From personal algorithms to central algorithms
About half the time people use ChatGPT, per an internal OpenAI study, it’s not to produce specific writing or get a certain task done, but to ask something. This fits with my general impression that many/most people use it as a kind of super-Google: it can search the web, but faster and more dexterously than you can, and it can summarize the results for you without you needing to scroll through them.
This is what the Graham/Musk reply-guys were using Grok for: they were asking it to do fact-checking, to verify some claims about the world. On X, Grok gets used like this a lot, as a kind of built-in debate-resolver. I saw one thing in this camera phone video. You saw another thing. We can’t figure this out between the two of us — let’s ask Grok.
That usage of course doesn’t imply that users will then defer to the LLM they’re asking. But using Instagram does not guarantee that you like, or believe all the claims within, all the highly engaging Reels it serves you. It just, on average, pushes you toward a particular view of the world.
My provisional theory is that LLMs, as a consumer product, will push people’s senses of reality closer together in a sort of mirror image of the way social media has fractured them. They are not algorithms meant to custom-tailor content (including facts) to you, and what you will find infuriating or motivating. They are centralized systems that, until you prompt them or give them context, behave basically the same way for everyone. As the philosopher Dan Williams put it, “Whereas social media democratised information, LLMs technocratise it.”
If you’re a super-user managing 20 Claude Code agents at a time like they’re buildings in Starcraft, and have custom Claude.md files and skills setups for each of them — then, sure, you can get the model to diverge pretty far from what it’s like for most users. But very few people are doing that. That kind of usage may prove very economically significant, but I suspect the kind of epistemic convergence that models produce when you ask them a question without much context (“zero-shot” in AI lingo) will prove more socially important.
I’m not totally confident in this prediction. The prevalence of sycophancy gives me the most pause, since it represents a user’s AI experience diverging so strongly from other users’ that the AI supports outright delusions. I’m inclined to think this happens with a minority of users after a large amount of context has been given; I also think the prospect of paying out huge sums to people hurt by this behavior is encouraging companies to do fine-tuning that moves away from it. But I don’t know that, and it could be that this kind of dangerous delusional spiral is easier to produce, and more commonly produced in practice, than I think.

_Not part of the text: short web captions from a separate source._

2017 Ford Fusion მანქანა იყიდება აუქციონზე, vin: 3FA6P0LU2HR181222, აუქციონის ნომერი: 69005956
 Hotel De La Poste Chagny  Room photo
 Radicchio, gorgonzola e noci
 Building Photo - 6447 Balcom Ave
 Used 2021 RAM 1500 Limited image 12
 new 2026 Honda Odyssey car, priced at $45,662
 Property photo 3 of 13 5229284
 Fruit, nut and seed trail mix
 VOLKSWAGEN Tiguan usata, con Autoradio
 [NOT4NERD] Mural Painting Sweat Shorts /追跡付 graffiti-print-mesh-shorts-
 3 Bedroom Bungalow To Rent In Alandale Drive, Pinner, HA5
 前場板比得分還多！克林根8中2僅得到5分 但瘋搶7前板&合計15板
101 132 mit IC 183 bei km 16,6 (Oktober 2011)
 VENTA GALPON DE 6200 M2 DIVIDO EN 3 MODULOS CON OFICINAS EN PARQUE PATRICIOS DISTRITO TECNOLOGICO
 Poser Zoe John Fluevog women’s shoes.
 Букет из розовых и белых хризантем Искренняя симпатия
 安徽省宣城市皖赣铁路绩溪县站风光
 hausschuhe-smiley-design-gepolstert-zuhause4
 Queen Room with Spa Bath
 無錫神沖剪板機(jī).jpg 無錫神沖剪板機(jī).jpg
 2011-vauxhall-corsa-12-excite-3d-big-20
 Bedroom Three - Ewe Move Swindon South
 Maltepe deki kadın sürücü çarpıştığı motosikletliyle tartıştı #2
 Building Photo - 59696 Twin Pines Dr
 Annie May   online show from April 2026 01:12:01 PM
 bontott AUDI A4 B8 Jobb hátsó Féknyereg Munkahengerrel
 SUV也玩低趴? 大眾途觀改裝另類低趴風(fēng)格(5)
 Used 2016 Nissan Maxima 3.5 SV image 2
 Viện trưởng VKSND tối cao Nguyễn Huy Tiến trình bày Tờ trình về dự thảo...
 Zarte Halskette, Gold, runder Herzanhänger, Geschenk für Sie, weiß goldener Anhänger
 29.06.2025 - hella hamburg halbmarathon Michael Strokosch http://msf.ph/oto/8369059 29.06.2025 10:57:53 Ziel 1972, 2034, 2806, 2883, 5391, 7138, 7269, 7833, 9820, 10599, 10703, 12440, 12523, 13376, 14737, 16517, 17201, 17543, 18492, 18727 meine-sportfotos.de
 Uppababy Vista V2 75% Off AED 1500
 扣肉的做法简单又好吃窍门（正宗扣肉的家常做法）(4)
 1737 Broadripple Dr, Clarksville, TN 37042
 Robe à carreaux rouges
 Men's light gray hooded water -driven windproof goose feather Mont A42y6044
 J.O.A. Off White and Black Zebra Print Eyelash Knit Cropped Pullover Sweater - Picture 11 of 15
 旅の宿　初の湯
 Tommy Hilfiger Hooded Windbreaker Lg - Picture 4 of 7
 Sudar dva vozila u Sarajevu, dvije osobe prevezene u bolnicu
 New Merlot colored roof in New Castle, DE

That said, I think it’s a good moment to ask if the worries many of us have had about the social media era — about polarization, about the possibility of democracy when citizens have so few shared understandings of the world around them, about radicalization and the thriving of dangerous cults and fringes — can be assuaged, in part, by LLMs.
We have a tool that can do fact-checking and analysis at large scale. Even when it’s trained by Elon Musk, it doesn’t come out with Elon Musk’s politics; it comes out commenting like a basically reasonable, intelligent person. It’s not perfect, and nothing here is any reason to discount many separate harms it could produce, from nonconsensual porn to WMD proliferation to cyberattacks to loss of control. But on this one specific area, I think it could prove very valuable indeed.